Many moons ago (about ten years) when I did my English Literature degree, I was in a seminar discussing ownership of words and ideas. The basis of my lecturer’s theory was that once words have been written you can’t control them. It doesn’t matter how clear you are during the writing process, once your words are being “consumed” they’re no longer yours to shape.

I like to imagine it as a little scene inside a dusty old attic.

The writer is hard at work, bent over a creaky table writing in longhand. The words come alive, dancing on the page. He has a choice to let the words be free, or to shut them in a box.  He chooses freedom, knowing that is also the end of his control. Standing at an open window, the writer watches his words flutter out into the world, ready to climb inside the head of anyone who reads them. The writer can’t follow the words inside every head. He can only stand at the window and wave his words goodbye.

It’s not a new idea, but it’s one I think is still incredibly current – especially in the 140 character Twitter world in which we live.

Let me explain.

A little while ago, I wrote a post called How Do You Decide What Your Blog Is Worth? for Geekalicious. It was all about blogging and commercialisation of blogs – namely, how we value our own blogs.

As with much of my writing, I wrote it, had it published and then forgot about it in the minefield of my current crazy working / mum life. Today I was reminded of the post, after a fellow blogger told me (via Twitter) that she didn’t like my tone.

One of the things I really love about blogging and Twitter is that you can share opinions. And I wasn’t offended by the critical tweet. I just politely agreed to disagree. But after a bit of tweeting back and forth, the blogger (who blogs at Kelloggsville) came back with a tweet I wholeheartedly agreed with:

“It’s problem in a 2D words world. Body language and tone removed and readers fill in perceived gaps.”

This is SO true. When you write something, you might have a clear idea in your head of how your words sound. But those words are in YOUR head.

Once they’re out in the world, being read by others, they’ll be in other heads, read by people with different opinions, experiences and memories to you. It doesn’t matter how clear you try to be, there will always be the chance your words will not be read in the way you intended them.

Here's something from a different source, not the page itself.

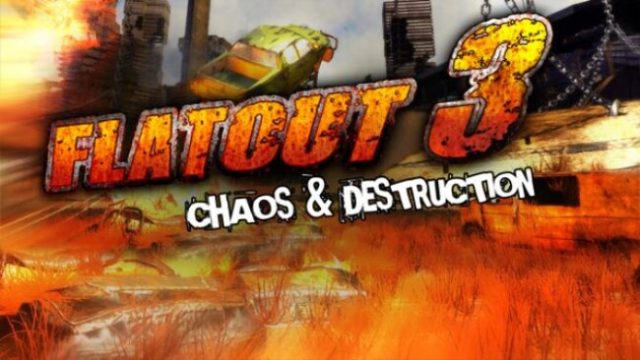 Free Download Flatout 3: Chaos & Destruction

The thing is, I don’t think that matters. If you spent your whole life trying to tailor your words (or language) to only ever be consumed in one way, with one point of view, you’d be fighting a losing battle. Plus, wouldn’t that make the world a rather boring place?

On this occasion, my post was interpreted as “sarcastic” and “condescending”. That’s fine. I disagree, but that’s fine. That’s the way my writing was read by that particular reader and there’s nothing I can do about it – apart from let her know that wasn’t my intention and apologise if she was offended.

I’m well aware that once you write something (and publish it on a blog or book or newspaper or magazine or social media platform or piece of paper stuck to a tree) it’s out there in the big wide world of different opinions and ideas and experiences. I’m well aware that I could unintentionally write something another person was offended by.

But I’m also aware that if I spent my whole time worrying about that I would never write anything at all.

How about you? Do you tailor your words carefully in the fear they may be taken “the wrong way”? Is interpretation something you even consider before hitting “publish”?